Note to reviewer / QA-test:
--------------------------

There will be more fixes related to this bug which are adendums to the one already commited. These upcoming fixes are mostly related to the problems 
reported as bug#41740 & bug#58225 but will be commited as part of this fix
as they partly overlaps with the fix already commited.

A patch for this bug has been committed. After review, it may
be pushed to the relevant source trees for release in the next
version. You can access the patch from:

http://lists.mysql.com/commits/130054

3550 Ole John Aske 2011-01-31
Addendum patch for bug#59326 'Greedy optimizer produce stupid query execution plans'

In order for the greedy optimizers 'prune' logic to quickly find a 'good'
execution plan, and prune the other less promissing plans, best_ref[]
is sorted by E(#rows) before we start calculating query plans.

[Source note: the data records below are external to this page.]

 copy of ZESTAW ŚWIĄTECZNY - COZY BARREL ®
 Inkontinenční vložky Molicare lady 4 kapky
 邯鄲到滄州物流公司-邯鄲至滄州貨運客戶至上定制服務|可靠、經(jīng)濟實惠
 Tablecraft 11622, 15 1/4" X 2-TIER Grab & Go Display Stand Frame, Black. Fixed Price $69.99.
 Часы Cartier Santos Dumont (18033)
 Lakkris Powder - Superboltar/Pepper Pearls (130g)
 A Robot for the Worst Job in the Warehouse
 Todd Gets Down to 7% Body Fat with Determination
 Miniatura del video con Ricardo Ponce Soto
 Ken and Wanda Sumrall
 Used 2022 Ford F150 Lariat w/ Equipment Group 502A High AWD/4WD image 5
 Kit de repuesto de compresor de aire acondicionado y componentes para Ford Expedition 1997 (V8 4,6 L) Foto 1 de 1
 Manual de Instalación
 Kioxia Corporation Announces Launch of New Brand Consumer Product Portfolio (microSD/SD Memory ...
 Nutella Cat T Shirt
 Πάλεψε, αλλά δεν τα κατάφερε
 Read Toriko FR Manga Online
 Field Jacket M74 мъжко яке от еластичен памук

However, due to how swap_variables() was used inside
best_extension_by_limited_search(), best_ref[] quickly
became 'scrambled', and was no longer sorted when
multiple partial plans had been evaluated.

This changeset maintains the order of the unevaluated part of best_ref[].
Besides reducing time to find the 'best' query plan, this also
reduces the risk for incorrectly pruning away the optimal query plan.

This fix also include 'TIME_FOR_COMPARE' as part of the 'cost' considdered
when less promissing query plans
- This 'compare cost' is included everywhere else in the best-calculations.
- Try to run the extended 'greedy_optimizer' test wo/ and it demonstrate
how it fails to prune 'bad' plans -> and likely tiemouts.
@ mysql-test/r/select_icp_mrr.result
Accepted new order of (unordered) result.
@ mysql-test/r/select_none.result
Accepted new order of (unordered) result.
@ mysql-test/t/greedy_optimizer.test
Extended greedy test with 'large' joins which previously took 'forever' to explain.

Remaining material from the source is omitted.